Is there a way I can filter Referral URLs or Requests to certain files, so they don’t show up on my Analytics dashboard, and ensure accuracy on my reports? I don’t see that option anywhere on my site settings.
There isn’t any way to filter those results. We do count bot traffic which GA does not, so that is probably the discrepancy in total numbers.
As an idea for getting those scanner’s 404’s out of your eyes, you could deploy some empty files to those well known paths so they are 200’s but probably won’t be in your top pages, and will use even less bandwidth than our 404 page (or a custom one you made).
Hi there! Thanks for your reply, and your idea. Will definitively consider that!
I’m not concerned about bandwidth all that much, though. I would love to have more accurate results by filtering those, as well as spam referral URLs if they show up on my site. I currently have around ~1500 pageviews/month, according to Netlify Analytics, and I know the vast majority of those aren’t real users, unfortunately.
Thanks for your thoughts! I’ll do that, but my issue is related to the accuracy of the results, not the 404 pages.

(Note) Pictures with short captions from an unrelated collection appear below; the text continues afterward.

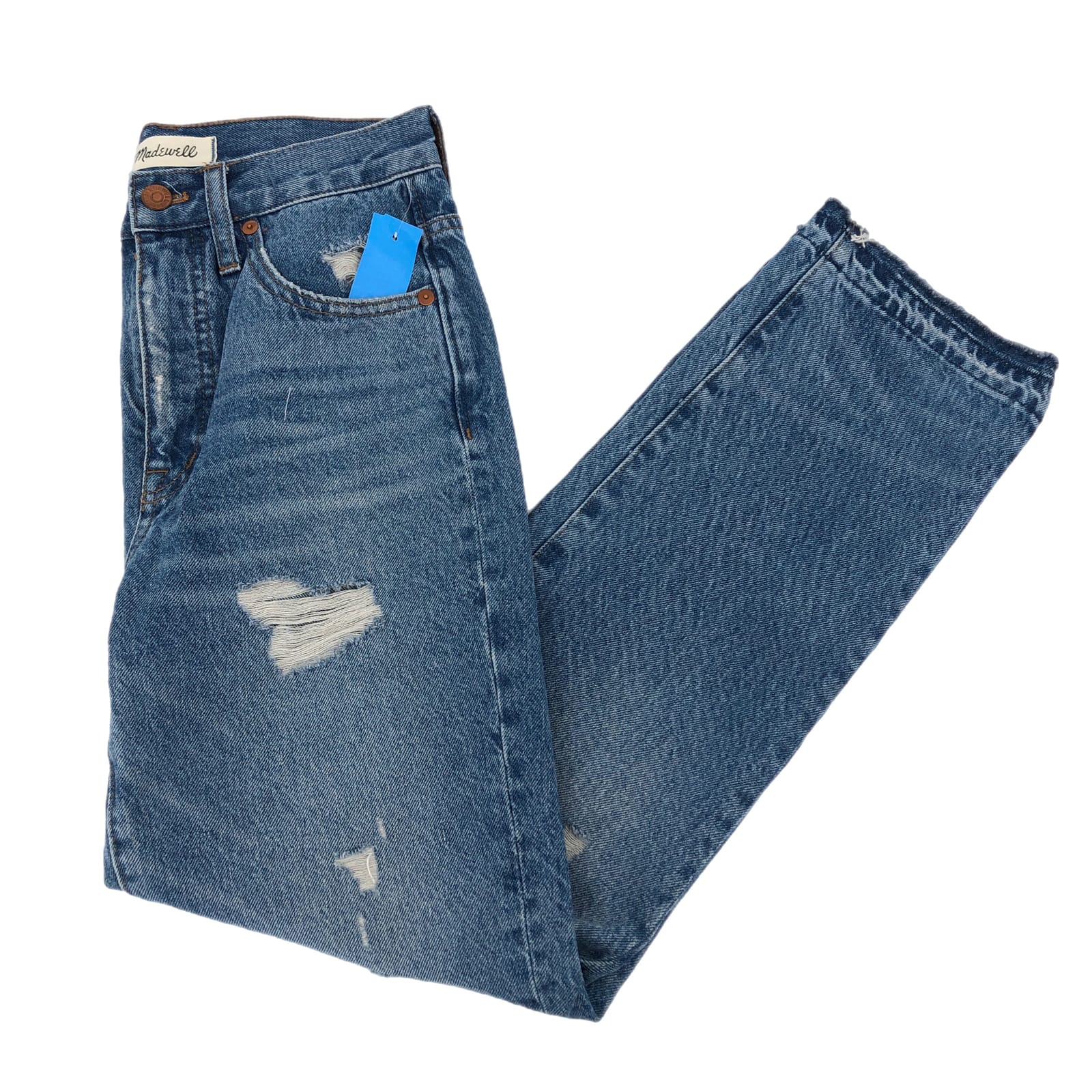 Madewell Blue Classic Straight Leg Jeans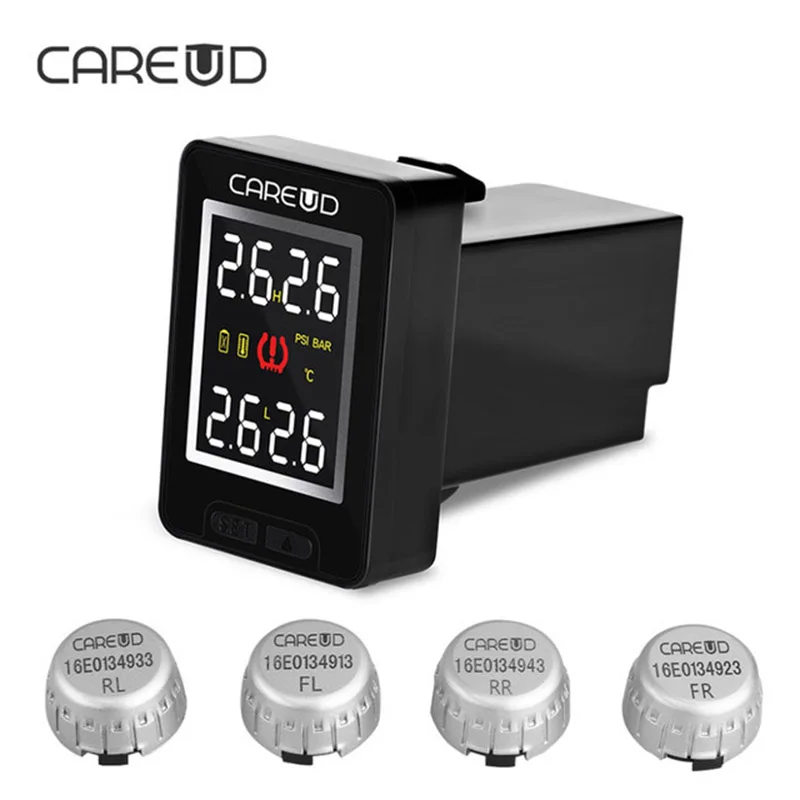 Для Mazda 100% оригинальная система контроля давления в шинах CAREUD TPMS с 4 внешними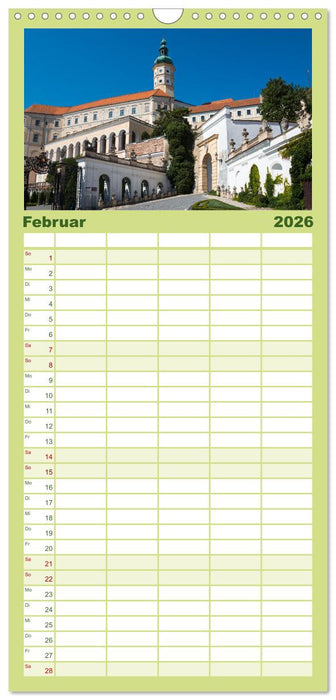 Tschechien - Eine Reise durch ein wunderschönes Land (CALVENDO Familienplaner 2026)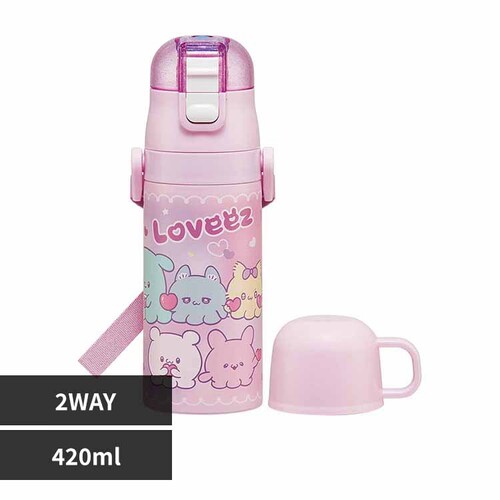 ���� �q�� ���q�l���� �X�e�����X��2WAY�{�g�� ������ 420ml �R�b�v 350ml SKDC3 ��Ԃ��[��_0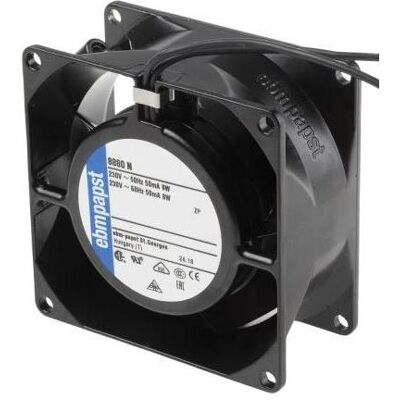 PAPST VENTILATEUR AXIAL 230 VCA 9W 80 X 80 MM (80 mm, 1x), Ventilateur PC, Noir PAPST VENTILATEUR AXIAL 230 VCA 9W 80 X 80 MM (80 mm, 1x), Ventilateur PC, Noir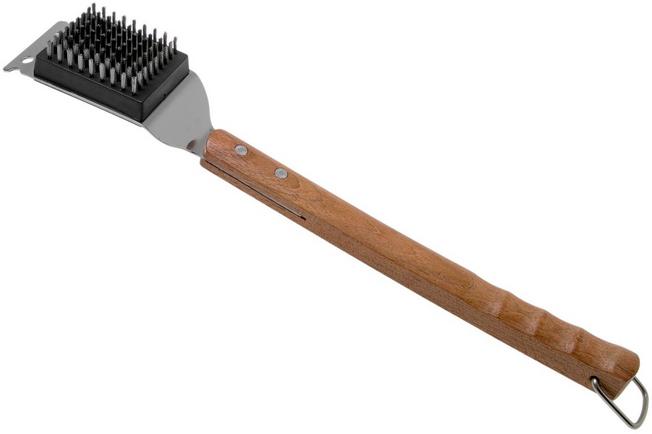Churrasco BBQ Grill Brush with Wood Handle - Tramontina US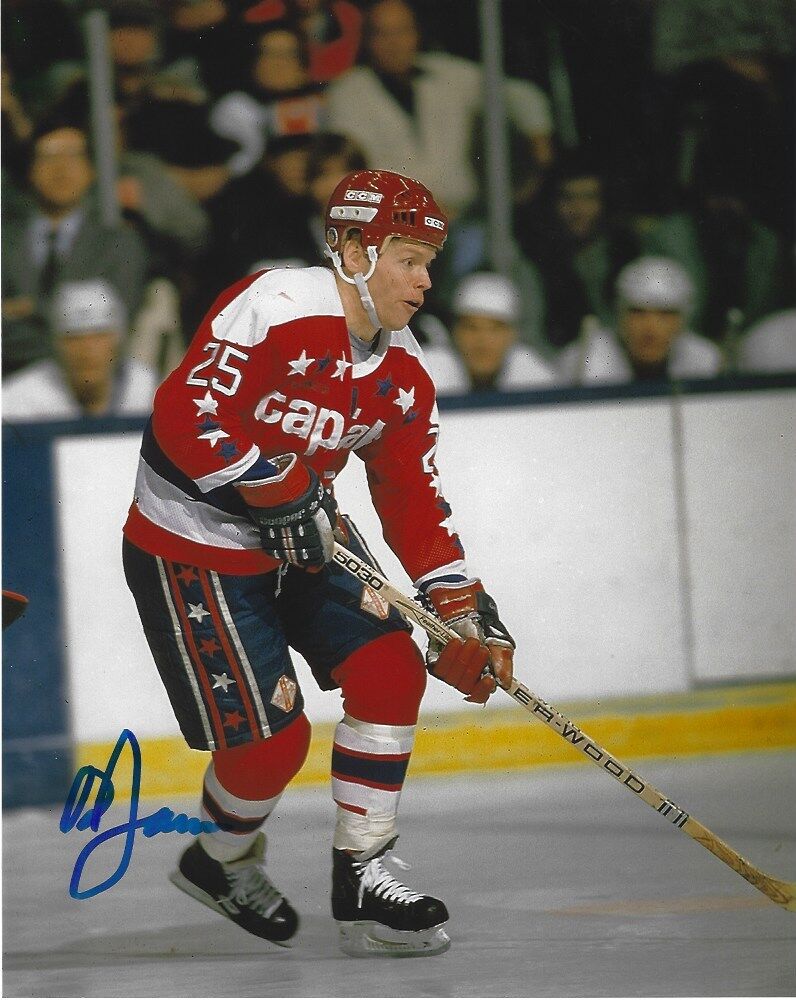 Washington Capitals Doug Jarvis Signed Autographed 8x10 Photo Poster painting COA A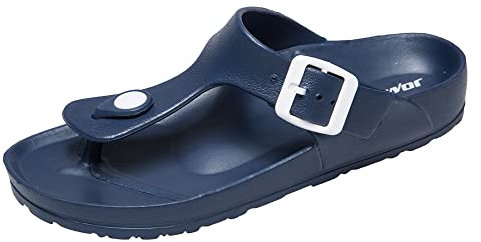 JOMIX Infradito Donna Piscina Spiaggia Ciabatte Donna Gomma Comode Casa Mare SD2225 SD8062 (Navy, 37)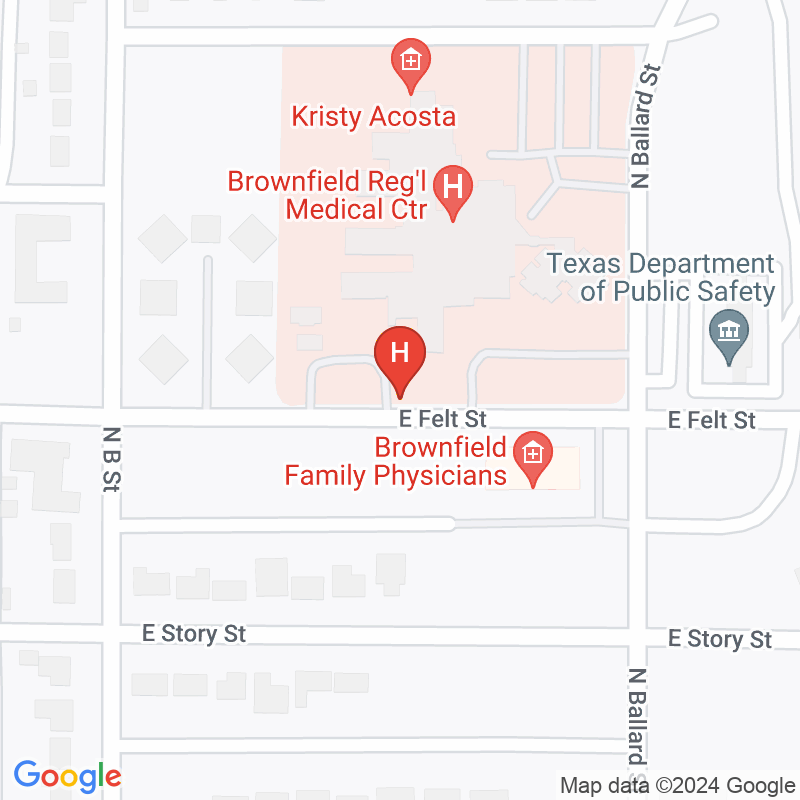 Brownfield Regional Medical Center - 703 E Felt St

I’m trying to find a workaround to get more accurate results on my analytics, since I don’t think bots and crawlers read my blog posts, thus I don’t want them to show up as visitors
We do have an open feature request to show a filtered view removing bots, to which I’ve just added your name and thus will follow up here should we create that feature. I think it’s already halfway written so I give reasonable odds on it arriving later this year
This one is a bit more likely than your last feature request to which I just responded, @Intranel ! We’ll mention here in this thread, if we do ship this.
As a customer of Netlify Analytics for many months, I still have 0 idea of how many real visitors come to my website. I don’t even have a rough idea! So I really wonder how can I distinguish scrapers from real visitors. Is this service only suited to websites that have a large amount of visitors?
Is there a threshold below which the numbers are 100% noise from scrapers? Even 20 real persons a months would be a big news for me.
Would love some inputs, and please add me on the list as well.